Да, нельзя сказать, что это «хорошо написано». Но можно и надо сказать, что, за редчайшими исключениями, самые совершенные образцы русской прозы тускнеют и чуть ли не кажутся словесной трухой рядом с этим «косноязычием», изнутри оживленным библейской огненной несговорчивостью, и что с такой силой, с таким верным соответствием между «что» и «как» никто никогда в России не писал.
На цитату эту я натолкнулся, перелистывая для справки книгу Гольденвейзера «В защиту права». Перечел и подумал, что Горький-то, пожалуй, был прав: если человек может так писать, то действительно «человек – это звучит гордо».

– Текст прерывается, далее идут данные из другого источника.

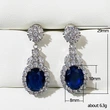 New style earrings European and American simple oval sapphire blue zircon earrings simulation women's jewelry wholesale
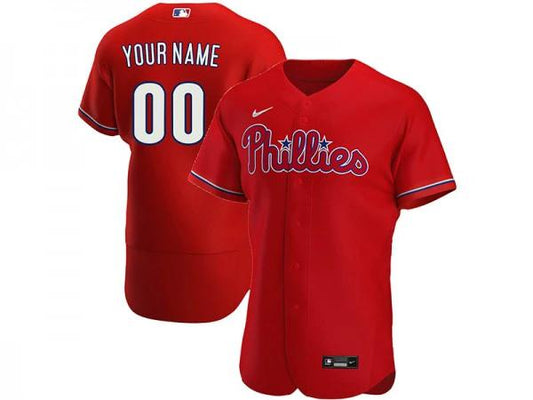 Custom Philadelphia Phillies Flex Base Jersey Red by My Store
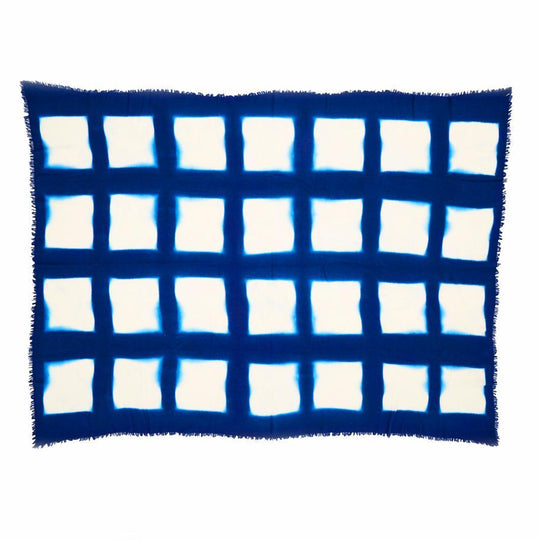 Shibori Throw 145 x 200 cm 100% Wool & Cashmere - Squares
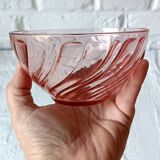3 vintage pink glass bowls, rosaline arcoroc france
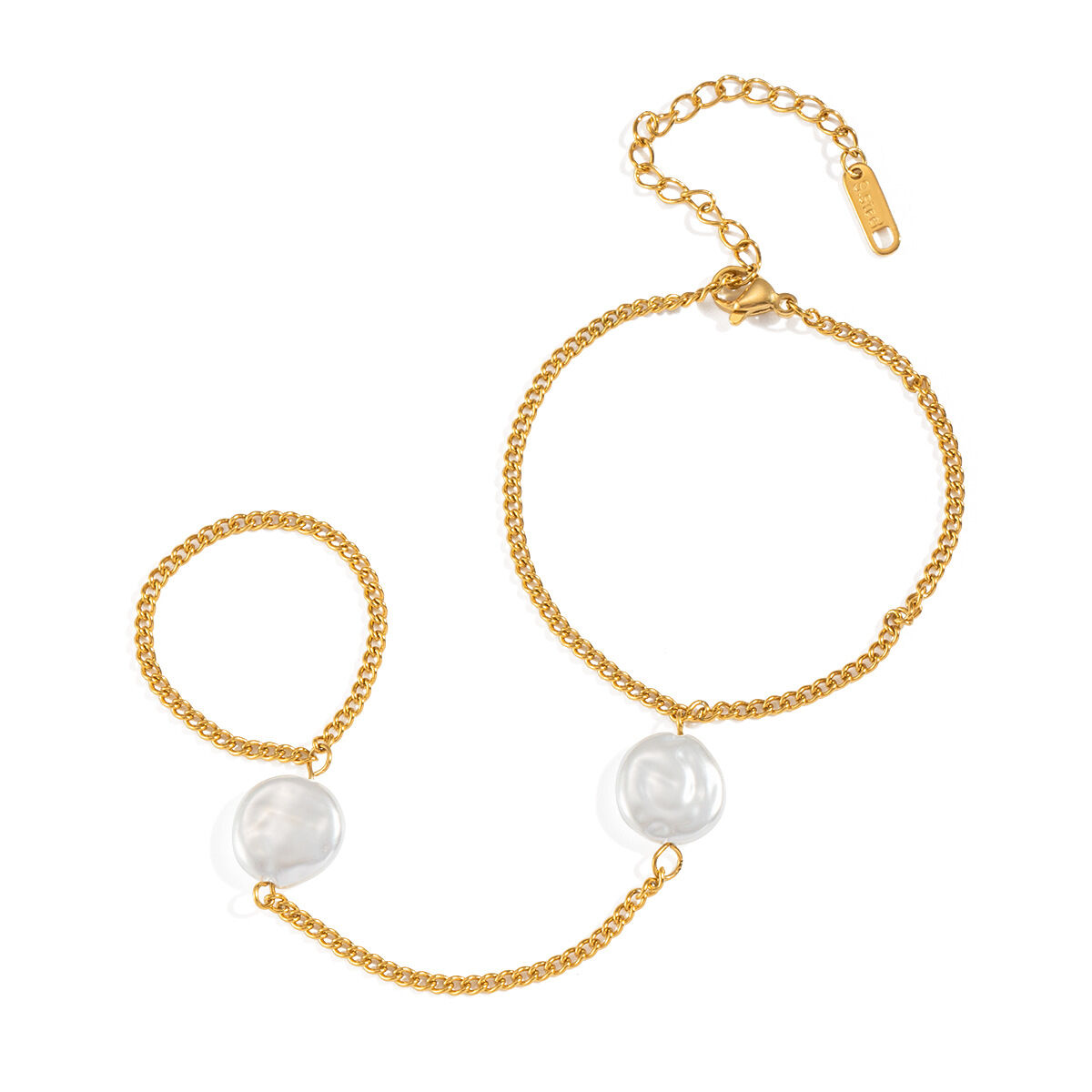 Elegante Edelstahlkette, wasserdicht, goldfarben, mit Perle, Damenhandkette h5 Bild5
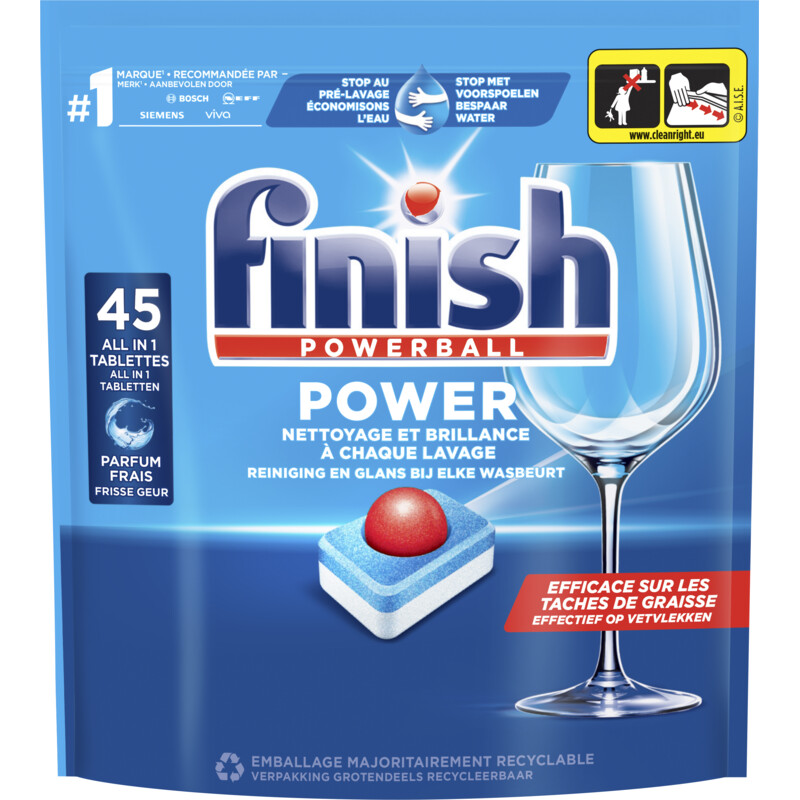 Een afbeelding van Finish Power all in 1 vaatwastabletten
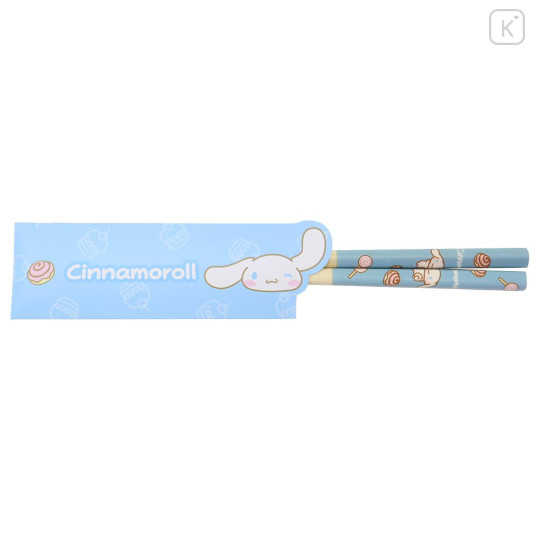 Japan Sanrio Bamboo Chopsticks 21cm with Bag - Cinnamoroll - 1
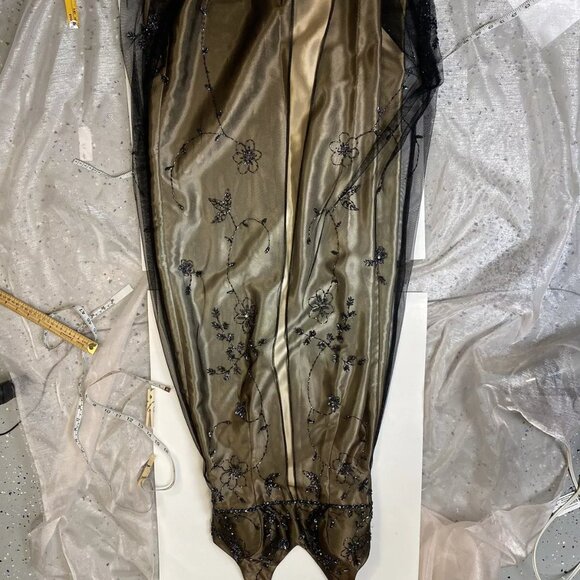 Vintage betsy adams Prom Dress Maxi Gown 4 gold 90s Y2K Goth Ombre Mesh Grunge - Picture 12 of 15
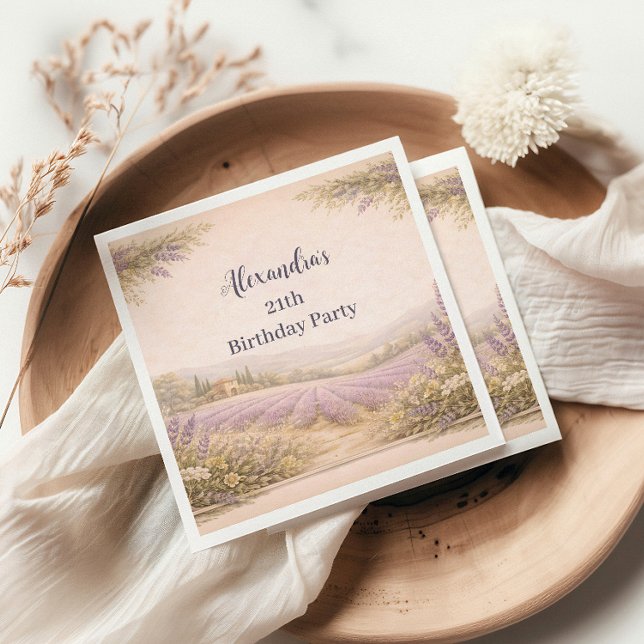 Lavender Field Garden Birthday Serviette (Von Creator hochgeladen)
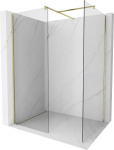 Mexen Kioto du&scaron;i sein Walk-in 140 x 120 cm, l&auml;bipaistev, kuldne harjatud - 800-140-202-55-00-120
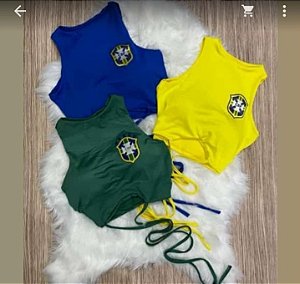 Cropped Brasil amarelo tam unico, veste ate 42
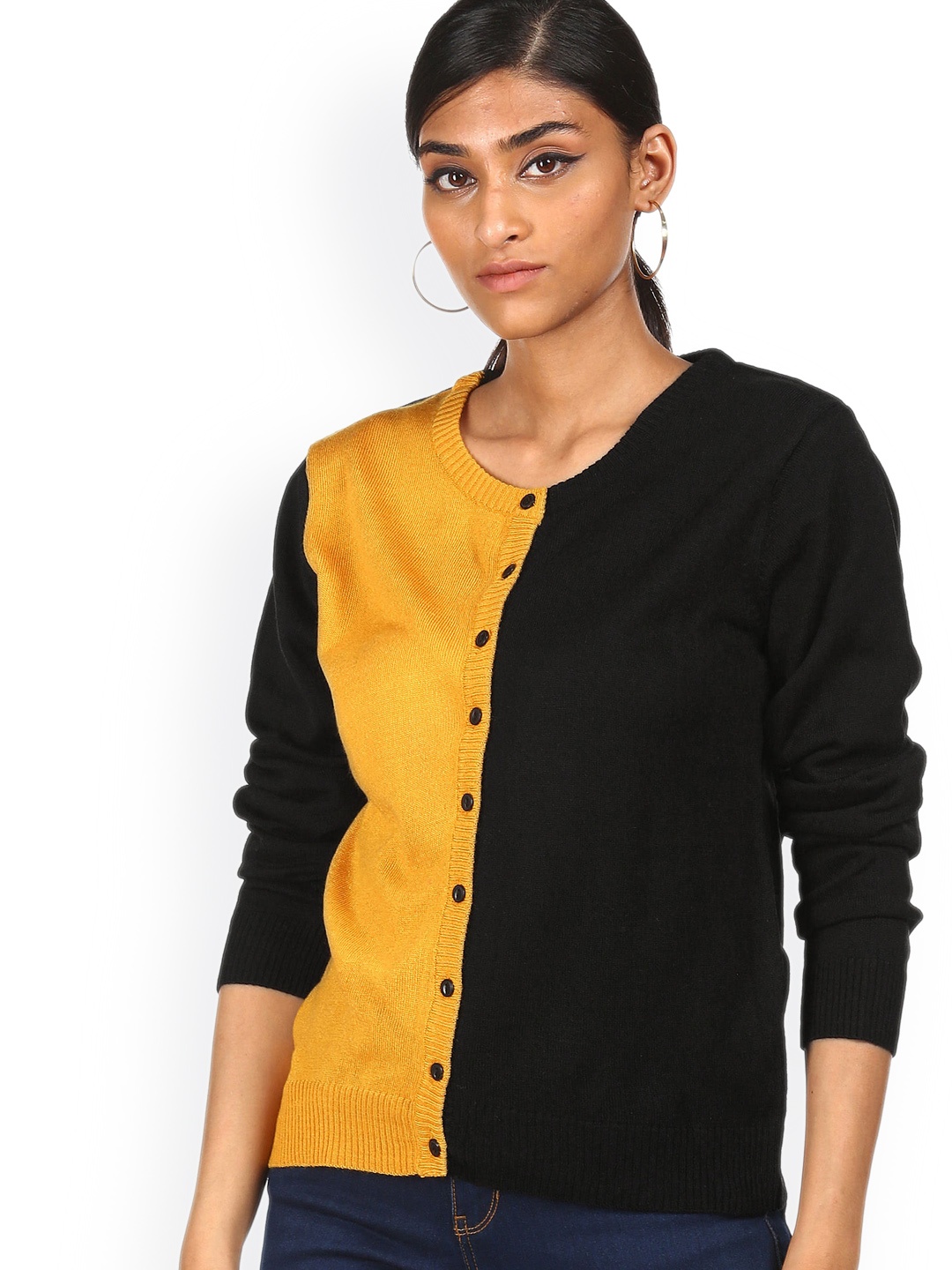 

Sugr Women Yellow & Black Colourblocked Cardigan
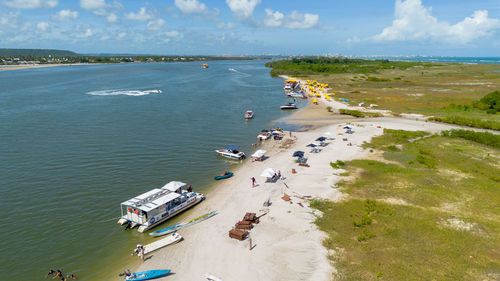 High angle view of beach against sky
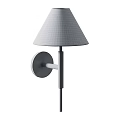 Contemporary Wall Lamp For Home Interior With White Conical Shade And Dark Metal Frame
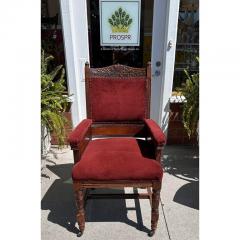 Antique Queen Victoria Regina Royal Crest Gothic Revival Arm Chair - 3283913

У молодых есть все преимущества перед старыми. Все, кроме одного: старые знают, что каждое поколение приходит со своей правотой и своими иллюзиями. Молодые видят только свою правоту и склонны счесть её правотой окончательной.
Умный Базаров был бы ещё умнее, если бы догадался, каким тупицей прослывёт он у первых эстетов и декадентов.
Корни все усиливающегося в наше время внимания к Тейяр де Шардену, по-видимому, связаны со смутной, безотчетной тревогой: не изменяет ли человек самому себе? Расширение, распыление культуры — как бы оно ни было нравственно оправдано — не грозит ли торжеством тупости и «всемства», пугавшим Конст. Леонтьева? Если миллиарды лет тому назад возникло одухотворение материи, если много, много позже началось — по Тейяру — «очеловечение» земли с долгими веками той же работы впереди, то не приобретает ли «понятие культуры» оттенка метафизического? Не в том ли единственно важное человеческое дело, чтобы довести одухотворение и очеловечение до конца?
Далеко не все эпохи в себе сомневались. Восемнадцатый век, а за ним и девятнадцатый шли вперед в уверенности, что с пути свернуть уже не придется. Но история подставила заносчивому веку ножку, и он споткнулся и растерялся. К сожалению? Да, все-таки к сожалению. Путь был в общих чертах верен, только походка была не совсем та, какая нужна бы. Были шоры, была нетерпимость… Но теперь, после всех наших крушений и передряг, на развалинах прежнего мира человек оглядывается, тревожится: не оказаться бы предателем? Тейяр именно о возможности предательства напомнил, хотя сам ее не допускал.
Сартр и Альбер Камю.
Эти два имени постоянно называются рядом — вероятно, потому, что когда-то их связывали общие темы, были они друзьями, затем резко и шумно разошлись, и это их расхождение вызвало долгие споры. Это одна из тех литературных «пар», о которых сам собой возникает вопрос: кто же из них больше, выше? Вопрос бессмыслен, все с этим согласны, но отвыкнуть от него трудно: Пушкин и Лермонтов, Толстой и Достоевский, Корнель и Расин… примеры классические, а есть и множество других, помельче.
Вспомнил я Камю, однако, не для сравнения с Сартром, а потому, что им, его личностью, его писаниями отчетливо оттеняется то, что есть в Сартре особого. Сартр и Камю связаны, но и резко разделены: были разделены еще до ссоры. Два мира, друг другу противостоящих, два «мироощущения», чуть ли не две эпохи, причем эпоха, которую предвещает Сартр, еще не совсем ясна, и он сам как будто еще отвергает предназначенное ему в развитии культуры место.
Не думаю, чтобы по размерам своего дарования Камю был подлинно великим писателем. Но это — писатель, у которого ум, совесть и сердце еще находятся в естественном и нерасторжимом согласии, можно бы даже сказать — в сотрудничестве. Это — человек в том смысле, в каком слово это действительно «звучит гордо» и в каком можно его отнести к великим писателям прошлого. У него в рабочем кабинете висело только два портрета: Толстой и Достоевский; и, кстати, уместно вспомнить, что, когда один из его советских посетителей стал жаловаться на недостаток внимания к России со стороны западной интеллигенции, Камю вместо ответа обернулся и молча указал ему на эти портреты.